Since this year has not been very productive for me as far as perfecting my smoking skills, the fact that I had the chance to try smoking pork butt is a golden opportunity for me. If you read my previous post, Experimenting With Offset Smoker, then you know that I tried my hand at cooking with only wood yesterday. You also read that it ended up turning into a raging inferno.
Once the smoker cooled down and the fire became manageable, my wife and I decided to try smoking a pork butt again. I have tried this once before and it didn’t turn out well. So I decided that since I had the chance, I would give it another try.
Earlier we bought a couple of pork butts when they were on sale so we thawed both and got them ready with my wife’s homemade rub. By this time the smoker had reached a manageable temp of around 225° – 250° and the butts went in to cook.
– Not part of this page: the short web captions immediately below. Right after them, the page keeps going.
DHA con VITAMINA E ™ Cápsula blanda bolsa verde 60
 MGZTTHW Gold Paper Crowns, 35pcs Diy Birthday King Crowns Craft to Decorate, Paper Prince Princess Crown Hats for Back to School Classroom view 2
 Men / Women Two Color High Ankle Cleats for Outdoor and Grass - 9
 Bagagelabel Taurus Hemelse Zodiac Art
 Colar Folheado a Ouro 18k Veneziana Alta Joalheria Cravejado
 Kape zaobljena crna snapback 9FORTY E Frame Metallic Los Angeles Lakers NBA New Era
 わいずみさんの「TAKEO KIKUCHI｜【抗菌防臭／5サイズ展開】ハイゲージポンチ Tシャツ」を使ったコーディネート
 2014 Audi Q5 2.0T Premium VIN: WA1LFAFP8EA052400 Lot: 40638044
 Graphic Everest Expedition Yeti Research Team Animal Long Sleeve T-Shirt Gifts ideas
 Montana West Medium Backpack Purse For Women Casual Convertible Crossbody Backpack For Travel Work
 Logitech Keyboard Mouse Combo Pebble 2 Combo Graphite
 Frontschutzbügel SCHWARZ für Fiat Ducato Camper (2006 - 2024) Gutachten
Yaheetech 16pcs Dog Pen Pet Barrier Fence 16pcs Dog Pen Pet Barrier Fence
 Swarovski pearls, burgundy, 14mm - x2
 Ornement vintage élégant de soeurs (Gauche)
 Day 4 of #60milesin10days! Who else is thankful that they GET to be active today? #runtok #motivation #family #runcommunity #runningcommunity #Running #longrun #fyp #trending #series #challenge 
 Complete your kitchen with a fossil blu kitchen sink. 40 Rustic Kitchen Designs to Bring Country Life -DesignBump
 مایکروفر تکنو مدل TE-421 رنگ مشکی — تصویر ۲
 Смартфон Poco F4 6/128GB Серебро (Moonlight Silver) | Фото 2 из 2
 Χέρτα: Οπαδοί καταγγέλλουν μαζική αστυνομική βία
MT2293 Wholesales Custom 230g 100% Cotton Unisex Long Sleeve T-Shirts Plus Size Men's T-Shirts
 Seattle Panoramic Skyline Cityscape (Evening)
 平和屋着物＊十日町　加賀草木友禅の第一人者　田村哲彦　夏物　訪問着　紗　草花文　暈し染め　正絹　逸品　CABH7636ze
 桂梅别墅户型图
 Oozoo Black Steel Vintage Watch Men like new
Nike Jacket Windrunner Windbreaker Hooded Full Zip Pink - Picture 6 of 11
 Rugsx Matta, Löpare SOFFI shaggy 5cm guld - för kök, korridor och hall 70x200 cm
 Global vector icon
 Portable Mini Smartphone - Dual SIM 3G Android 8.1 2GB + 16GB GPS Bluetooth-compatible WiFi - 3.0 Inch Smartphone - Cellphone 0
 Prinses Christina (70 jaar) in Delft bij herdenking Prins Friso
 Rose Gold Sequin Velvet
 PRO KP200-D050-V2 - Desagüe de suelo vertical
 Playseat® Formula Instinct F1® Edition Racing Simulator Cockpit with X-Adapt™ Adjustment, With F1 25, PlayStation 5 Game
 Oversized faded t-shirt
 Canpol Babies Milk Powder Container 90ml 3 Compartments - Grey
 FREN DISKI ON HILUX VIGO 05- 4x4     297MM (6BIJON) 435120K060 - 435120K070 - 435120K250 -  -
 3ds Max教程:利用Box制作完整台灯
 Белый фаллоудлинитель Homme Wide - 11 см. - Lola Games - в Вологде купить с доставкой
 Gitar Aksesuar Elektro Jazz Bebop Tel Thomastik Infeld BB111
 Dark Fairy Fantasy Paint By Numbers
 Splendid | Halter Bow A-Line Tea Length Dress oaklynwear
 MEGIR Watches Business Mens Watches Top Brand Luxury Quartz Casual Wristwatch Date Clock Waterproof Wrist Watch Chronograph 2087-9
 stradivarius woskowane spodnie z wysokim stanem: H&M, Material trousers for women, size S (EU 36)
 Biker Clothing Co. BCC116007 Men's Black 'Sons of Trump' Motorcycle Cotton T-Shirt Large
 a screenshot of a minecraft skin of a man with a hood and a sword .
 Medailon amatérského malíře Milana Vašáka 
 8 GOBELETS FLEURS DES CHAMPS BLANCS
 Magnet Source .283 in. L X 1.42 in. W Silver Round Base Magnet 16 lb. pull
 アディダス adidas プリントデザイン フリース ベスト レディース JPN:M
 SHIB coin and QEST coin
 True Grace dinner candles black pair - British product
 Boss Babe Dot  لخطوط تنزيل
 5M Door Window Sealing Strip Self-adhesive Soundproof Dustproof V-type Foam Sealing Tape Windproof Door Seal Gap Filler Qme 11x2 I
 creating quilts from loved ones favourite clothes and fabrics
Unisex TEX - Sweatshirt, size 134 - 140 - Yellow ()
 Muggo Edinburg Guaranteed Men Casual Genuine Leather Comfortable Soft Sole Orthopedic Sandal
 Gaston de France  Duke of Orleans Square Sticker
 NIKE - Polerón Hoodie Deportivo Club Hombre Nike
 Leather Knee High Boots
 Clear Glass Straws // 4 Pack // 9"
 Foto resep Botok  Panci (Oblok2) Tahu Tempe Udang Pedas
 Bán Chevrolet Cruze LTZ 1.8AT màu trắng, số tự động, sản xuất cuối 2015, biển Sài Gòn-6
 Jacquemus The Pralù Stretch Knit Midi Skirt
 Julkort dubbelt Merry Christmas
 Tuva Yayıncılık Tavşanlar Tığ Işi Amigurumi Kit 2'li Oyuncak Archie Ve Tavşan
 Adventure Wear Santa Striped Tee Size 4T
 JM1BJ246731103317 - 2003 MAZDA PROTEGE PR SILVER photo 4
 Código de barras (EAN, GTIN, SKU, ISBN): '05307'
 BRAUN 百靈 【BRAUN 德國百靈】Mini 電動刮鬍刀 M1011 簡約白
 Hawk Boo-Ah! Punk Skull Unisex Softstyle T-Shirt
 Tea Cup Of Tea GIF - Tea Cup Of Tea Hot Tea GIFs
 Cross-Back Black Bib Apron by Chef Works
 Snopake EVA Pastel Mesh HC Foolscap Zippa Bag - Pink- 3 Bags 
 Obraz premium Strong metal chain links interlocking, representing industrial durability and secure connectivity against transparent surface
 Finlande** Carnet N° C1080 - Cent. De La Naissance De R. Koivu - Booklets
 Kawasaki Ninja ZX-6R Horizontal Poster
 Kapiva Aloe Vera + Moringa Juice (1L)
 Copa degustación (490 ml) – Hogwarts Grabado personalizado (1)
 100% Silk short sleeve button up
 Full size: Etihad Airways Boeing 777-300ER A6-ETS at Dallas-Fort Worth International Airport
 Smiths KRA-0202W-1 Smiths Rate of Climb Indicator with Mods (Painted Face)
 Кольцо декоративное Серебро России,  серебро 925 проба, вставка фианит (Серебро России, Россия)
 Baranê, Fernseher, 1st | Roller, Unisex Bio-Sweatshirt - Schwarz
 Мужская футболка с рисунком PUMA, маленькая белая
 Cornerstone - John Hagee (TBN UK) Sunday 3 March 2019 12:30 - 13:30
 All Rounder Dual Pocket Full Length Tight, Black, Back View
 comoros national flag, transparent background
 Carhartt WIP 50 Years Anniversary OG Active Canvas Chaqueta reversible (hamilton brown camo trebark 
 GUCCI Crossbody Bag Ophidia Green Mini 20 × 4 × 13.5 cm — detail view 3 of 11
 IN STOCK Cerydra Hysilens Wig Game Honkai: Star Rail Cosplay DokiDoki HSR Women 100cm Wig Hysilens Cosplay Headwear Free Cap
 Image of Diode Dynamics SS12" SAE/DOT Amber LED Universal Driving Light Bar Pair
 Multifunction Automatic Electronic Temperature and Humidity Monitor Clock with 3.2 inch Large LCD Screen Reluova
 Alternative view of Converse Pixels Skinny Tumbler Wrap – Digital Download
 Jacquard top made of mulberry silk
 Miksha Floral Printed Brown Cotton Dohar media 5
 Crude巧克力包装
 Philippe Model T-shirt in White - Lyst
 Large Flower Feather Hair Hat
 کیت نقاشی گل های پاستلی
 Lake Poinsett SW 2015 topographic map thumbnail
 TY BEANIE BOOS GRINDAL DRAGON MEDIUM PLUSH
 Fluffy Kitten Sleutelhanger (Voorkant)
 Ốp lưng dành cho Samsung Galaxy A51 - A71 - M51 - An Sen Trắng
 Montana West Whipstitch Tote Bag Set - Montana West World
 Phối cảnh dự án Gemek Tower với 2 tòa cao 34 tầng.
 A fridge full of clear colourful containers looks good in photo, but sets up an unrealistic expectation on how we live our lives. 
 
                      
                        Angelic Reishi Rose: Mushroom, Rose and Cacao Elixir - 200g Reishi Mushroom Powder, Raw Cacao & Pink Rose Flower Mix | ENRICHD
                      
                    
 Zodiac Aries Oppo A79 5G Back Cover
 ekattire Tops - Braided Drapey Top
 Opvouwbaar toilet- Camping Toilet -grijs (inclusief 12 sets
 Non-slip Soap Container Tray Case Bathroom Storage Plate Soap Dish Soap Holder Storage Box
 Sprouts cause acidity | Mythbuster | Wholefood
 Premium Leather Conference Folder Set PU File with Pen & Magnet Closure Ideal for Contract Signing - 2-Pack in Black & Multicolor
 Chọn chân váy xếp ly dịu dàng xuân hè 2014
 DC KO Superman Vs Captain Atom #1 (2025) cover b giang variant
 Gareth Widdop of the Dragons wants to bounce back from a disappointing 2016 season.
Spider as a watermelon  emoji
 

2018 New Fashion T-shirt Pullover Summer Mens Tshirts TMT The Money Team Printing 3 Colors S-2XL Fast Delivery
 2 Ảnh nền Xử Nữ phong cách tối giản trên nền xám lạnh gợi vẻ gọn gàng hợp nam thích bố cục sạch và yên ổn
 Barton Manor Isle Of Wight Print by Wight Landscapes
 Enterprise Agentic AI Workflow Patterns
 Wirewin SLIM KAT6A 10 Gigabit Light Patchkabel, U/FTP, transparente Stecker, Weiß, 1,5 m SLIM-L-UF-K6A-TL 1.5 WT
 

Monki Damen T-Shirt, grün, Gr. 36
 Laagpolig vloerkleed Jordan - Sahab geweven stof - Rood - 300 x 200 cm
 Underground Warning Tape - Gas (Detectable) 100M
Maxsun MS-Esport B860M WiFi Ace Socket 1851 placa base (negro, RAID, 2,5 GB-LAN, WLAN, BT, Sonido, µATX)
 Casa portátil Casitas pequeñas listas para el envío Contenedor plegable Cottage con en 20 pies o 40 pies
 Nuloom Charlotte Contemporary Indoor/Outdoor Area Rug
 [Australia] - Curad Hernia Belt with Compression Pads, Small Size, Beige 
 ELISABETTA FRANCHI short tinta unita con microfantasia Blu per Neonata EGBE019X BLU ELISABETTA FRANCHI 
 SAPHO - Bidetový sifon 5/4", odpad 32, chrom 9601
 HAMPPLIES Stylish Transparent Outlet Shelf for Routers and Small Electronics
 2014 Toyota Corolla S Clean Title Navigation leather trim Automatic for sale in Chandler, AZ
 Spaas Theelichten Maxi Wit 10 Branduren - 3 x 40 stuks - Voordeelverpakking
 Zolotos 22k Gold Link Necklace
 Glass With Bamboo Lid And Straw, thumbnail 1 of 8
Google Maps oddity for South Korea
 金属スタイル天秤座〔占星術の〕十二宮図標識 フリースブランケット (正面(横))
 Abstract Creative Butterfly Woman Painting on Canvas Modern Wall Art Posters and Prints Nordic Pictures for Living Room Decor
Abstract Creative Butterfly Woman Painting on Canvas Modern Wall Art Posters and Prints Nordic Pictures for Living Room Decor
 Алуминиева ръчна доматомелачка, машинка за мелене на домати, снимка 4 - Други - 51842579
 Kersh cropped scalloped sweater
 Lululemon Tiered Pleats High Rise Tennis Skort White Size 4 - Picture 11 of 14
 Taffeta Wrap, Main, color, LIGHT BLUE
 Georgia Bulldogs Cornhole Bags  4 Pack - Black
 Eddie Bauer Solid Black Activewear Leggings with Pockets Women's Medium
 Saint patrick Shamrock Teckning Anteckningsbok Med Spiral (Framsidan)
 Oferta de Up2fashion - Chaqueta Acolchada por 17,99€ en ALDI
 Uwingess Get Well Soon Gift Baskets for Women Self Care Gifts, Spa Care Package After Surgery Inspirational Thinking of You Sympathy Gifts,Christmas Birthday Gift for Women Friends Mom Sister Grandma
What you see here is what the pork shoulders looked like after about 4 hours in the smoker. Because pork shoulder needs to cook for a looooong time, like brisket, I decided to cook these pork butts the same way I now cook brisket. When I thought they had enough smoke, and I used mainly oak with some sugar maple this time, they got wrapped in foil and put into my electric smoker set at a very low heat to finish cooking overnight.
I must say, when I pulled the pork shoulders from the electric smoker and let them rest for a couple of hours, the end results were pretty much what I was expecting. The aroma of the pork butts filled the kitchen. When the foil was opened, the shoulders looked perfectly cooked and literally fell apart when We started to pull it apart. The pork butts came out just like briskets have and I know we will be enjoying this meat when the hankering for barbecue hits.
The one thing I have learned through my journey to perfecting my barbecue skills is that you can read everything you can on the Web, but you should only use it as a guide. If nothing else,I have learned that I just need to adapt what others preach as bbq gospel to suit me, my needs and my equipment. No where I read that the rules for getting good barbecue are etched in stone. The fun is experimenting and learning from your wins and failure.
I have also learned that my worst backyard bbq is better than no bbq at all! It may not be perfect, but it’s all good in the end.